How to Write Stellar Web3 Content, Even if You Suck at Web3

“Hogwash. Logical salto mortale. You can’t do anything properly if you suck at it.”

Your thoughts may sound this way after reading the title, and you are entirely correct. But here’s another perspective on the title.

Take the very term Web3. It has existed for less than a decade, or to be precise, Gavin Wood coined it in 2014. Back then, only a handful of geeks were deeply involved in crypto.

Even now, eight years later, Web3 still has much to prove before becoming mainstream.

All this leads to one obvious conclusion: everyone sucks at Web3. Still. Yes, even Vitalik.


As Charlie Caplin beautifully said: “That’s all any of us are: amateurs. We don’t live long enough to be anything else.”

But here is an even uglier truth. Some people suck less, and some people suck significantly more at Web3.

The first group: crypto visionaries, innovators, and lunatics that somehow compressed 30 years of regular experience into 10 calendar years, engineers with a massive portfolio of Web3 projects, professional cash grabbers chasing tech hypes, and marketers hazardous enough to make a pivot to crypto world in the time of Bitcoin advent.

The second group: You.

The vast ocean of knowledge and you — a quark in the endless blue — swimming to nowhere.

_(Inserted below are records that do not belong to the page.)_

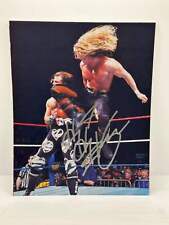 Hunter Hearst Hemsley Triple H Signed Autographed Photo Authentic 8X10 COA picture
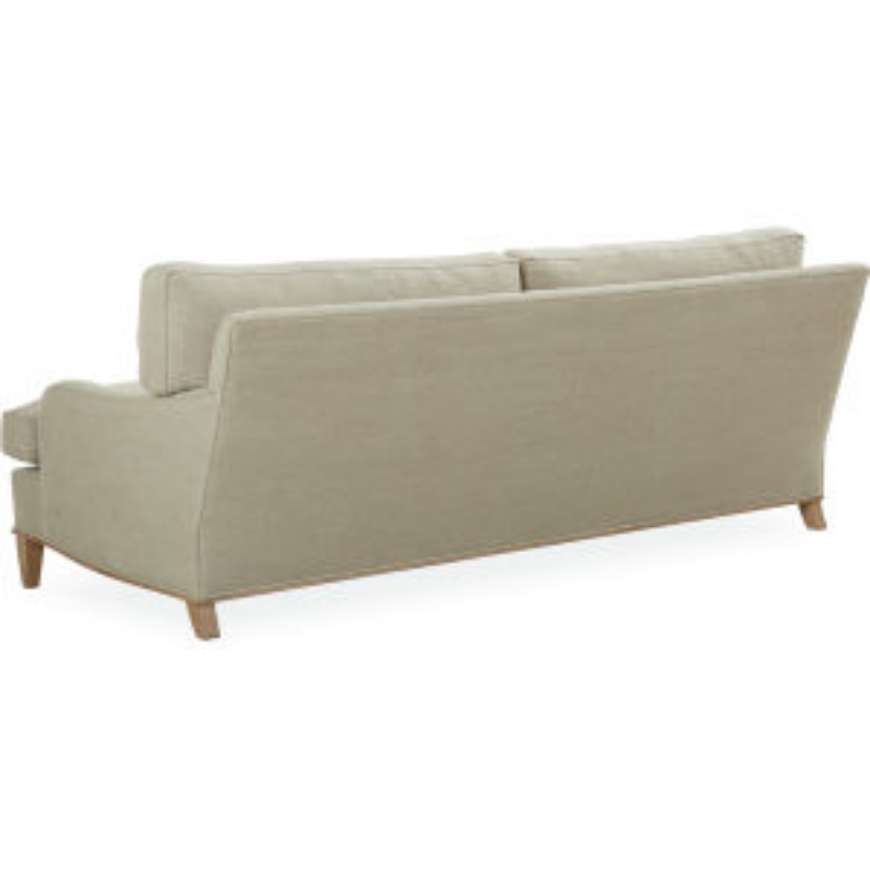 Picture of TWO CUSHION SOFA      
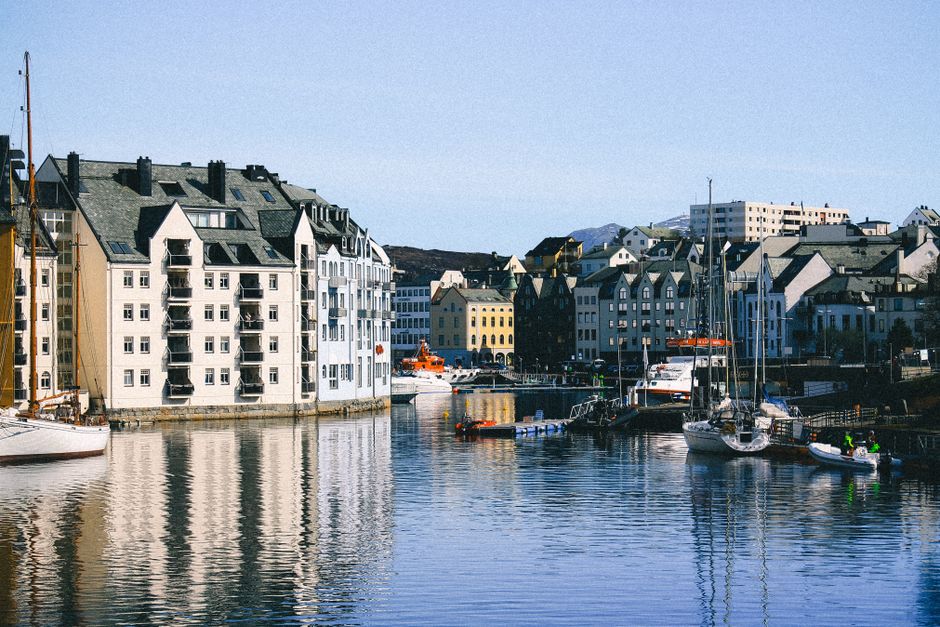 Foto de Ålesund
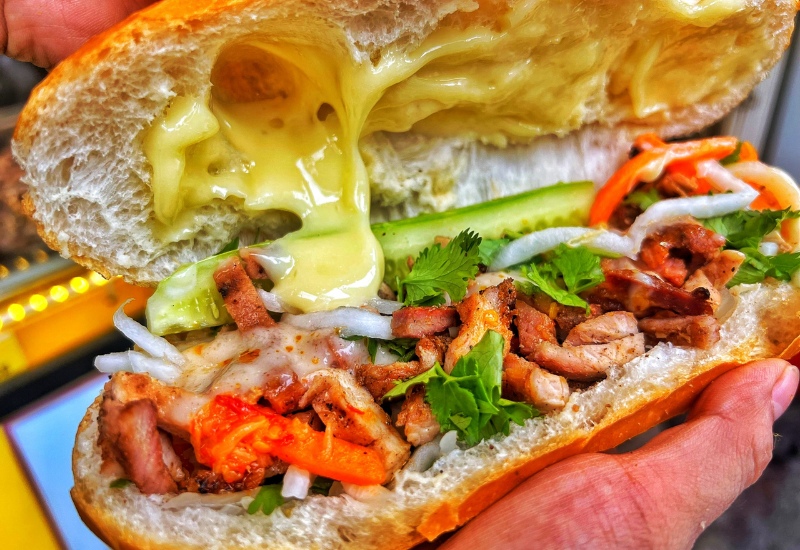 Bánh Mì Sài Gòn - Ăn Một Lần Ghiền Cả Đời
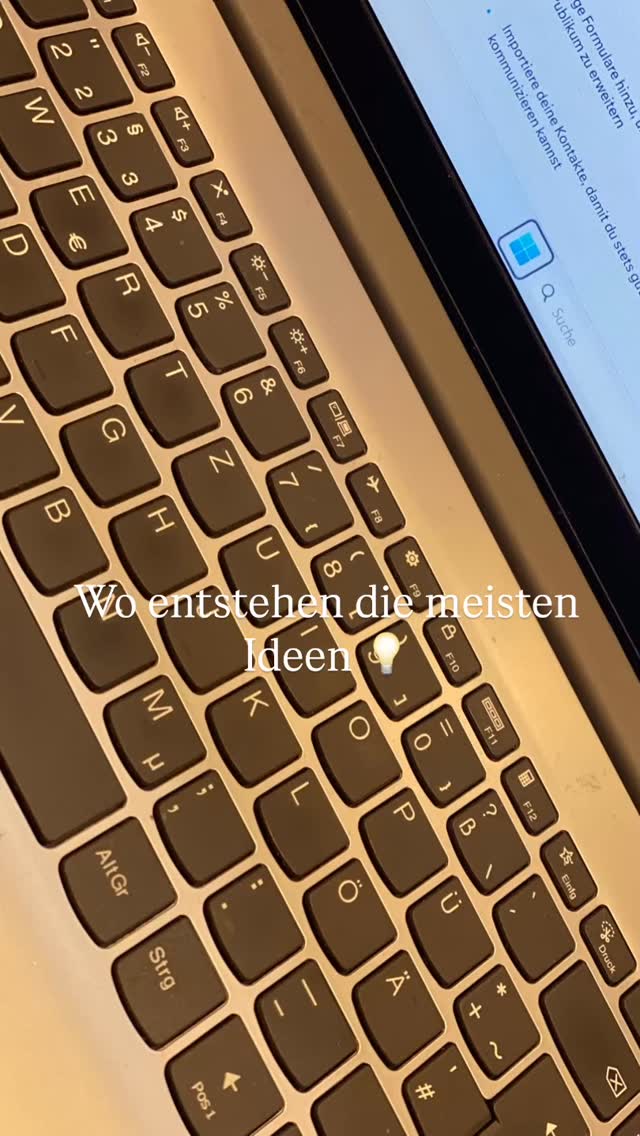 Wo entstehen die meisten Ideen 💡?
Hier bei mir im Kopf und am Laptop…..
Lasst euch überraschen!💛😇
Und denkt dran: wer sich ganz in Ruhe beraten lassen will und in Ruhe shoppen möchte, darf bei mir gern einen Termin für Montags machen🥰
Ich freue mich auf euren Besuch im Babyhaus Dessau
Montags nach Vereinbarung
Dienstag bis Freitag 10-18 Uhr
Samstag 10-14 Uhr
#babyhausdessau #elternindessau #familytime #localshopping #dessauroßlau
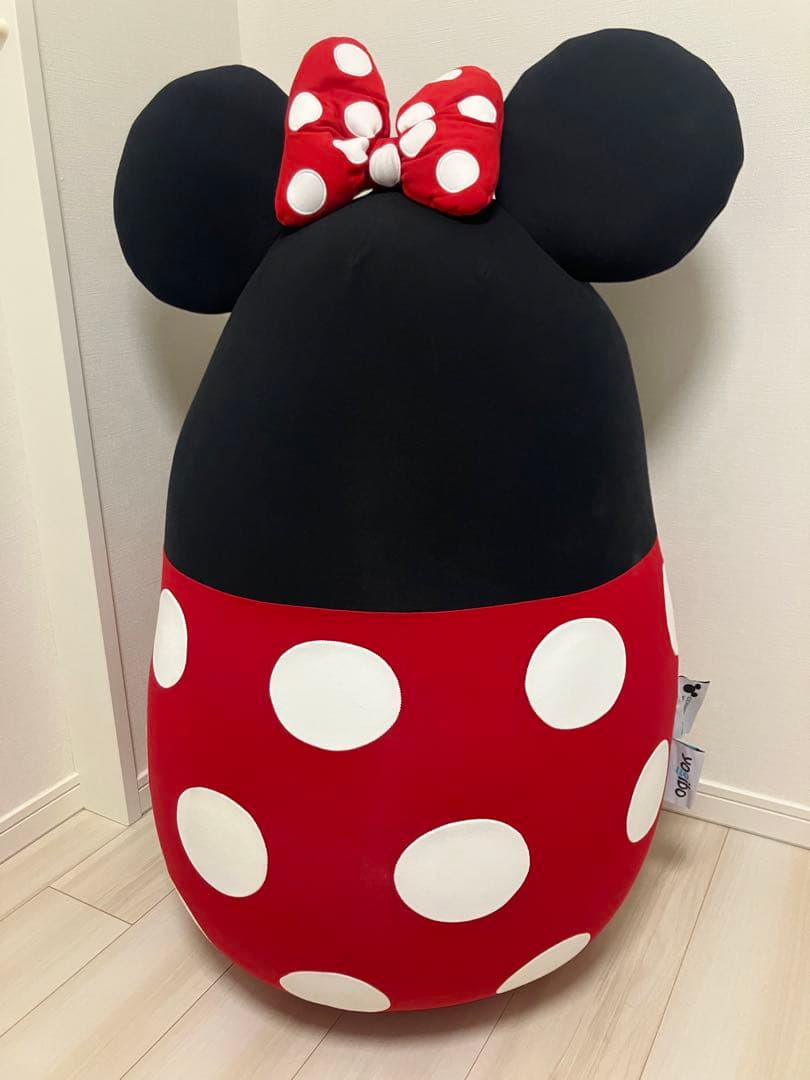yogibo ディズニーヨギボーバブル ミニーマウス - メルカリ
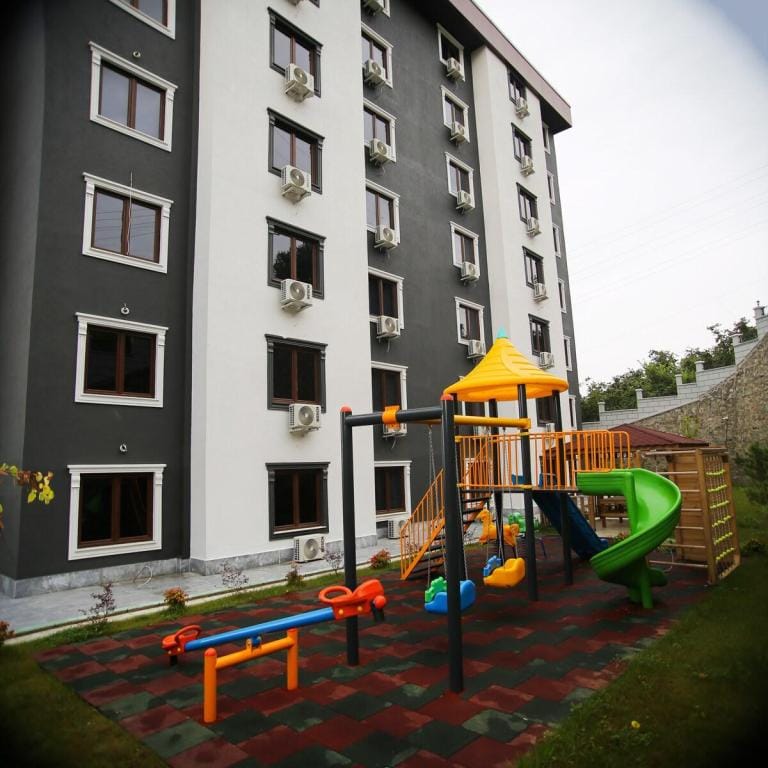 Gazioğlu Suite Hotel 5+1 lüks dübleks Apartment in Turkey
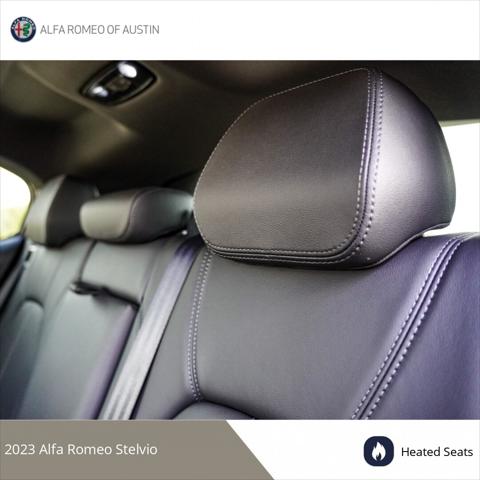 2023 Alfa Romeo Stelvio Ti AWD
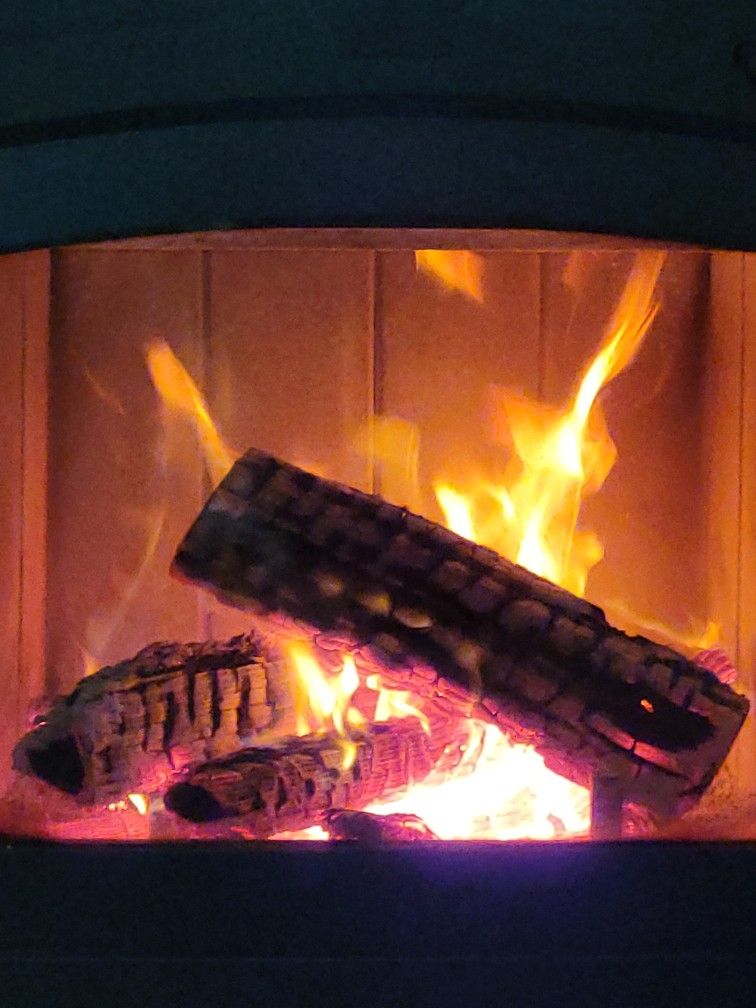 Free Hemlock Firewood Rounds Delivered Monday Only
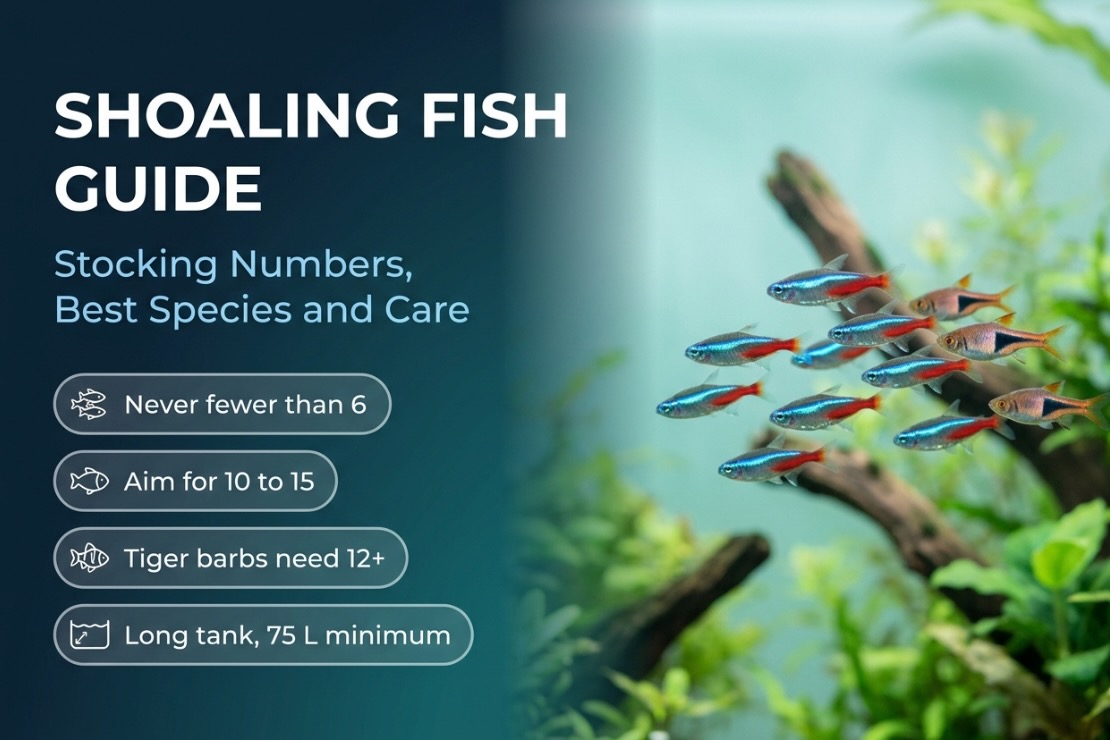 Shoaling Fish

Web3 seems to rejuvenate the most popular Socratess’ wisdom. “I know that I know nothing” is more applicable in Web3 nowadays than anywhere else.

That said, at first glance, delivering relevant and valuable content seems almost impossible unless you are one of the few Web3 pundits in the world.

Of course, this couldn’t be further from the truth.

With the help of robust mental models, a healthy thirst for knowledge, and a pinch of writing tactics, every writer can deliver “good enough” Web3 content.

Step 1: Accept your new role, forget being a marketer (for a while)

People don’t hate marketing. They hate marketing that is obviously marketing. In web3, making your content sound like a pamphlet is an even bigger sin. The reason lies in the picture below.”

First, you have innovators or enthusiasts. They love the tech language. They want the truth without any tricks, and when they have a problem, they want access to the most technically knowledgeable person to answer it.

Secondly, you’ll write for early adopters or visionaries. This group might not love tech language like the first, but they know they need it. For them, technology is vital as it promises to deliver their dream.

The third group is the least tech-demanding. The early majority consists of pragmatists. They need tech explanations, but only as reliability proofs and risk removers.

“It works like this.”
“Ok, great, now show me how the product will improve my life. Let’s talk about the benefits.”

The fact that this group is twice as big as the first two combined may trick you — they will not be your primary target in most cases.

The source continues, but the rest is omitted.